【スーツ案件】衣装さん、ごめんなさい。
おつかれさまです!
演出助手をしていたときの話です。
関係者を入れたゲネプロ(本番同様の通し稽古)の日、アクションアンサンブルの女優さんに病欠が出ました。
彼女抜きでの通すことになりましたが、オープニングだけは全体を見たいという演出家の意向により、彼女の動線を把握していて背格好の近い私が代役に抜擢されました。
スーツを着た群衆が歌い踊りながら街を行き交います。
「適当で良いから!走ってるだけで良いから!」と事前に言われたものの、まだ若かった私は調子にのり、演出の通りやることにしました。

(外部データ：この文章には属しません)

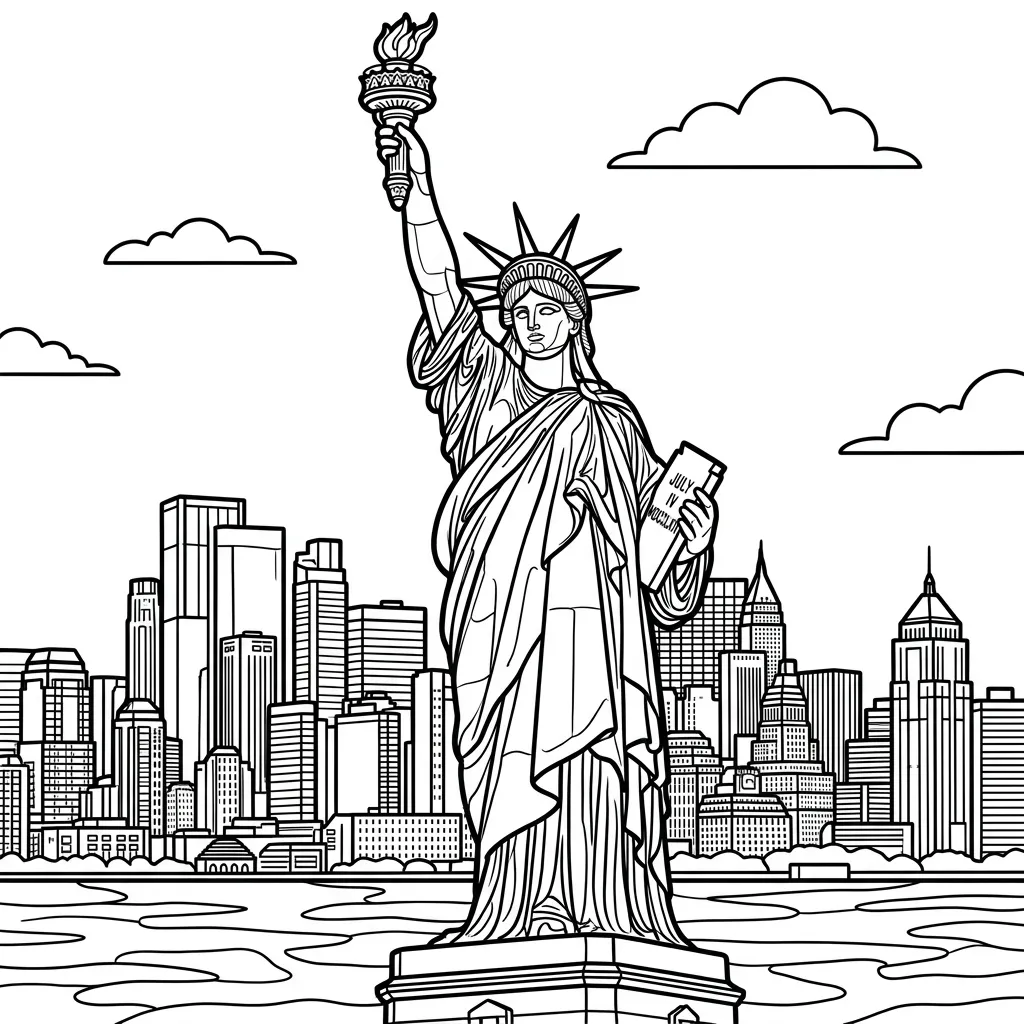 Estatua de la Libertad 15 para colorear para niños para imprimir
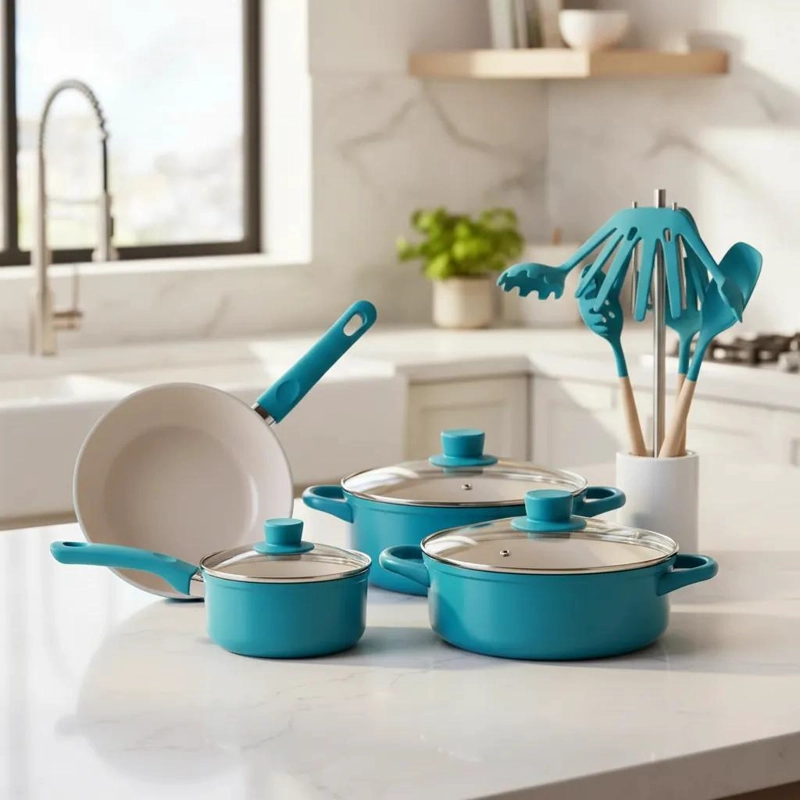 JUEGO DE COCINA DE 13 PIEZAS CON REVESTIMIENTO ANTIADHERENTE Y UTENSILIOS - 1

袖から数回往復したあと、舞台奥からハンドスプリングで登場し、センターで両手両足を広げたジャンプを決め、走り去れば終了です!勢いよく最後のジャンプをした途端、「パンっ」という乾いた破裂音が場内に響き渡りました。
スーツの股が‥裂けたのです。
着地までの数秒間、すべての時が止まったようでした。が、周りはプロ。何事もなかったように舞台は進んでいき、無事全てを通すことができました。
公開ダメ出しのネタとして使って頂けたから良かったものの、あの時の衣装さんには本当にご迷惑をおかけしました。